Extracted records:
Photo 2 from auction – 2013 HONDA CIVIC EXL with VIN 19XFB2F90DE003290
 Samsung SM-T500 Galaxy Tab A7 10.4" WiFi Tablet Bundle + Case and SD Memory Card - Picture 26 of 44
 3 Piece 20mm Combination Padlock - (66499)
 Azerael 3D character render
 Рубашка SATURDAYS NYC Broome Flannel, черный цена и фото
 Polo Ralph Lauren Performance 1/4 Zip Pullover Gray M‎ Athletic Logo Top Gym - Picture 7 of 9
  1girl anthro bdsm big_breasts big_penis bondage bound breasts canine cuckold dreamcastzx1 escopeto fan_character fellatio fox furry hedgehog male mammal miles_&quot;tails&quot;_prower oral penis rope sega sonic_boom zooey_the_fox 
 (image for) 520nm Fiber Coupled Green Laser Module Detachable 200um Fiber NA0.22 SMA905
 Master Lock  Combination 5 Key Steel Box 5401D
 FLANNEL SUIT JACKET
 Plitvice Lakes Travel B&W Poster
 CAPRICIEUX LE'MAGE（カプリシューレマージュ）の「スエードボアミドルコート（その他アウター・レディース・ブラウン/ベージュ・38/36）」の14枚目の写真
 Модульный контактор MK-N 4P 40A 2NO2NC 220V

Your goal: Return every line of the data above in which "Combination" appears.

Written response:
 3 Piece 20mm Combination Padlock - (66499)
 Master Lock  Combination 5 Key Steel Box 5401D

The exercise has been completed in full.